Les adieux furent à la mesure de l’onde de choc qu’a provoquée en Algérie sa mort atroce. Des milliers de personnes, de tous âges, dont certaines venues de plusieurs wilayas du pays, ont accompagné, lundi en fin de journée, la jeune Marwa Boughachiche à sa dernière demeure.
Âgée de seulement 12 ans, l’adolescente était portée disparue depuis le 22 mai dernier, jour de son dernier examen scolaire. Mais ce dimanche, la stupeur est tombée tel un couperet : le parquet de Constantine a confirmé que le corps mutilé retrouvé à Djebel El Ouahch, dans la périphérie de la ville des ponts, était bien celui de Marwa.
Inhumation de la jeune Marwa dans une vive émotion à Constantine
Dès 16 heures, le quartier de Sidi Mabrouk était noir de monde et semblait figé dans le temps, selon les images et les vidéos diffusées sur plusieurs plateformes. L’émoi, la tristesse et la consternation se lisaient sur tous les visages. Femmes en pleurs, jeunes affligés, adultes éplorés : tous paraissaient porter la même douleur, la même incompréhension.

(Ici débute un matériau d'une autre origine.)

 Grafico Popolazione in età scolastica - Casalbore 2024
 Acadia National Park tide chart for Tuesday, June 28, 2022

Comment une enfant, à peine sortie de l’innocence de l’enfance, a-t-elle pu subir pareil sort ?
Depuis la maison de son grand-père, le cercueil de Marwa a été brièvement introduit pour un ultime adieu en famille, puis porté à bout de bras au milieu d’un cortège funèbre immense, dans un rare moment de communion et d’émotion. Des images déchirantes, relayées en masse sur les réseaux sociaux.
Le cortège a ensuite pris la direction de la mosquée Errahmane, dans le quartier de Zouaghi Slimane, où la prière funéraire a été accomplie après celle d’Al-Asr. Puis, direction le cimetière de Zouaghi, où la fillette a été inhumée, en présence des autorités locales, dont le wali de Constantine, Abdelkhalek Sayouda. L’ampleur du choc était telle que les autorités redoutaient des débordements. Les services de sécurité ont donc été mobilisés en nombre, encadrant discrètement les lieux pour prévenir tout incident, selon des médias.

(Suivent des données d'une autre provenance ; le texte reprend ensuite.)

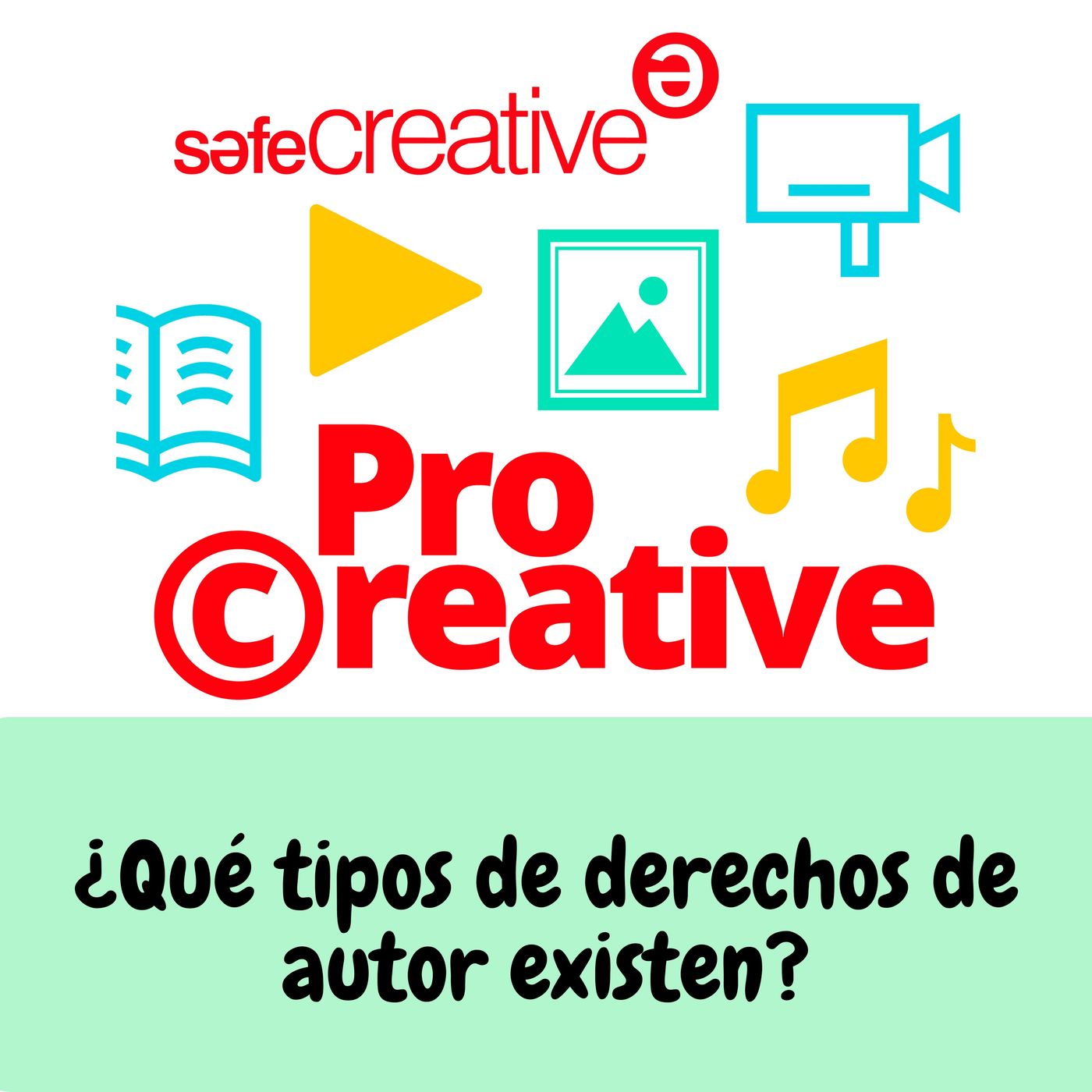 ¿Qué tipos de derechos de autor existen? episode artwork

Une phrase d’une simplicité glaçante
Dans une vidéo, face aux autorités, le père de Marwa, visiblement brisé, mais digne, n’a formulé qu’une seule demande : « Amenez-moi celui qui m’a privé de ma fille, je veux lui parler. »
Une phrase d’une simplicité glaçante, reprise en chœur par la foule, qui réclamait justice, voire la peine capitale à l’encontre de ou des auteurs de cet abject forfait. « On est ici au nom de l’État », lui a soufflé un officier, comme pour souligner que l’affaire est nationale, et que tout sera mis en œuvre pour retrouver les auteurs de ce crime odieux.
Sur les réseaux sociaux, nombreux sont ceux à avoir réclamé l’application de la peine de mort pour les coupables. Un débat récurrent en Algérie à chaque drame de ce genre. Mais le pays observe toujours un moratoire sur les exécutions depuis 1993, bien que la peine capitale soit maintenue dans le Code pénal.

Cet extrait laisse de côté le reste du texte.